2016, d. The Duffer Bros.
It's been a year...a whole year since Stranger Things debuted. Hell it didn't so much debut as catch fire and roll screaming down the hall. This thing was H-O-T hot a year ago. Early notice from the Weekly Planet podcast had me on the lookout for the show's arrival, and when it came I couldn't trumpet its praises higher. From the opening title sequence, with it's John Carpenter-inspired theme pulsating and thudding as it reveals its retro-Stephen King bookjacket font (ITC Benguiat), an ominous red radiating mutely against a stark black backdrop, I was in. Then title cuts over to the chapter heading, again a stark, but solid, red font against the same black backdrop, only the red drops out, revealing an image behind it, as the text floats forward, larger and larger, revealing more and more of the image, the text becoming too large to be contained on screen, until its gone altogether.

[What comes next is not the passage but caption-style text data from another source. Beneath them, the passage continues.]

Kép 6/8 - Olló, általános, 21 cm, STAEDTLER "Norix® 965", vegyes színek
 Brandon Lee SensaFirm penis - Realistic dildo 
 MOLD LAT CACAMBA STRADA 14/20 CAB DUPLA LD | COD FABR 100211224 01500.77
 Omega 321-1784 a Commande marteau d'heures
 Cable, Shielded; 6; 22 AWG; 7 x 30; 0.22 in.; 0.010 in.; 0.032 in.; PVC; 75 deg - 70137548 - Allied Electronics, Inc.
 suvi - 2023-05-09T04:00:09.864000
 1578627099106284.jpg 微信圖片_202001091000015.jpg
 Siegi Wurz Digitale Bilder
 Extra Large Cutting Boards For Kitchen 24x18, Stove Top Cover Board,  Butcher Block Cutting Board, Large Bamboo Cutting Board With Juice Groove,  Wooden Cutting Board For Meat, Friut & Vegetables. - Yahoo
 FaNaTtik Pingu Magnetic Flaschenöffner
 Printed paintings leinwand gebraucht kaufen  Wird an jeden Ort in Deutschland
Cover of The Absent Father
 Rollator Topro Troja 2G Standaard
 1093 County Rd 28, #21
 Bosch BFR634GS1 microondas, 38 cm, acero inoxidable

The rest of the show could have been complete dross, but I would have still loved it for only these few touches. The evocation of the 1980's is the intent of this opening sequence and it achieves it irrefutably. It's strange to be so in love with the opening credits of a TV show, but really, I can't remember any TV credits sequence that enthused me to this degree where I don't want the credits to end.
With most shows, when binge watching, the credits become a hindrance, a time suck, they just get in the way of watching more of the show. With Stranger Things they're chapter markings, a stopping and starting point. They are an essential tone setter (and resetter). If you've stepped away then you're instantly transported back into the mood of the show with the credits. If you've just completed the previous episode then this acts as an interstitial, the chapter title providing a little foreshadowing and the zoom in setting the scene for this next stage.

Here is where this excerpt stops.